Exercise material START

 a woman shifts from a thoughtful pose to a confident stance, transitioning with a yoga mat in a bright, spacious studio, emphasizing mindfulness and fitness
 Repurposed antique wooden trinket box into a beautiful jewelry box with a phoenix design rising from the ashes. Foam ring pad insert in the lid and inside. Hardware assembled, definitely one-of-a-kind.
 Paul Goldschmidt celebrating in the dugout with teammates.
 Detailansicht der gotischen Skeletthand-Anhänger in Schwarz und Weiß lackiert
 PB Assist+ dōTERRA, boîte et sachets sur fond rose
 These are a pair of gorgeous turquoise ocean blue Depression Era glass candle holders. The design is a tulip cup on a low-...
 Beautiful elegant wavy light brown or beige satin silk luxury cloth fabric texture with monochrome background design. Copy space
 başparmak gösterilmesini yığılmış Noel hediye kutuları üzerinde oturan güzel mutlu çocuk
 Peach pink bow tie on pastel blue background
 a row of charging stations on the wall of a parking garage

Exercise material END
Exercise material START

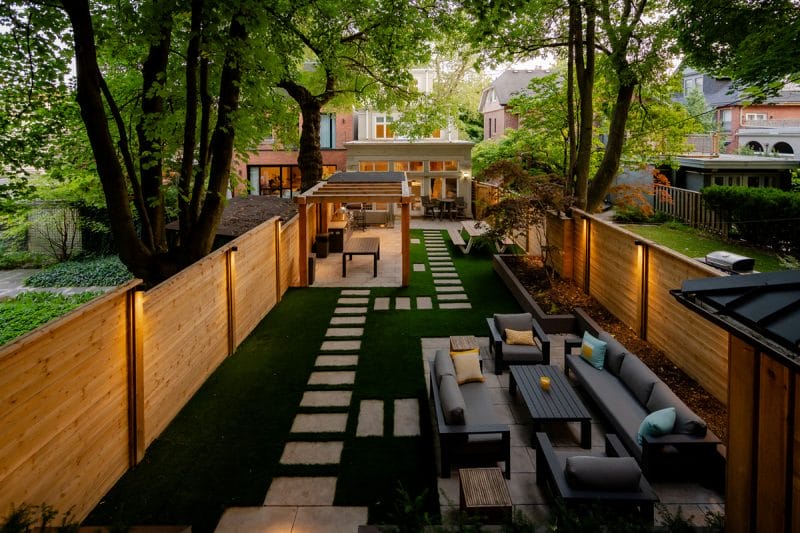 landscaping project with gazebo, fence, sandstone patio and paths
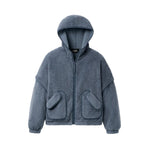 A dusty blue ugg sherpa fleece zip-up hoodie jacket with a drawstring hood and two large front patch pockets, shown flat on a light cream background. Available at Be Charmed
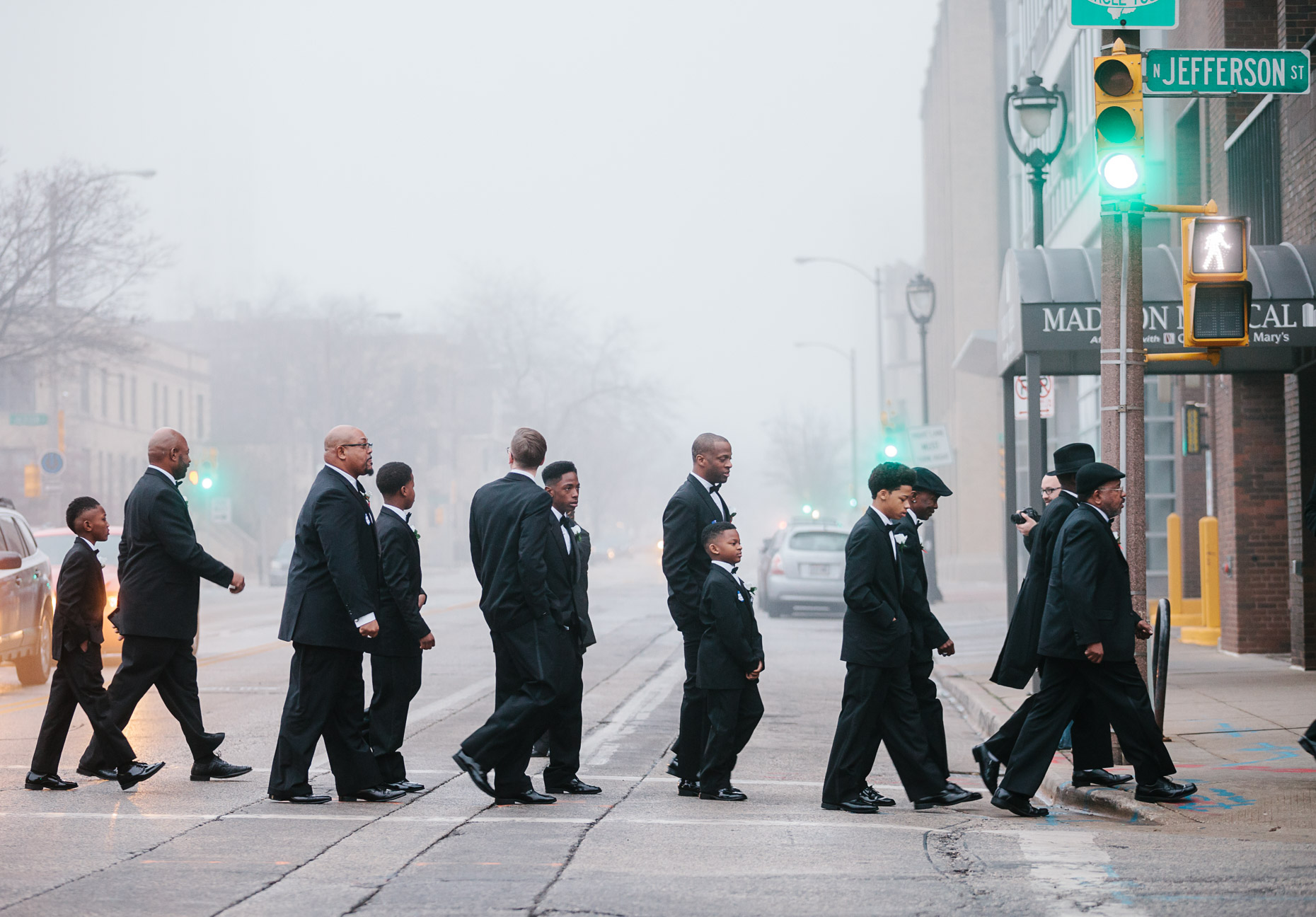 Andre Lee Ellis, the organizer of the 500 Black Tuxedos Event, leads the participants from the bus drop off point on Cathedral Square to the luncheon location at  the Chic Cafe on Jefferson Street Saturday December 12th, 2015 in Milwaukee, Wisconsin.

Exercise material END

**Exercise:**
Using the entries above, output exactly the lines between the line holding "a woman shifts" and the line holding "These are a", end lines included, and nothing more.

**The answer:**
 a woman shifts from a thoughtful pose to a confident stance, transitioning with a yoga mat in a bright, spacious studio, emphasizing mindfulness and fitness
 Repurposed antique wooden trinket box into a beautiful jewelry box with a phoenix design rising from the ashes. Foam ring pad insert in the lid and inside. Hardware assembled, definitely one-of-a-kind.
 Paul Goldschmidt celebrating in the dugout with teammates.
 Detailansicht der gotischen Skeletthand-Anhänger in Schwarz und Weiß lackiert
 PB Assist+ dōTERRA, boîte et sachets sur fond rose
 These are a pair of gorgeous turquoise ocean blue Depression Era glass candle holders. The design is a tulip cup on a low-...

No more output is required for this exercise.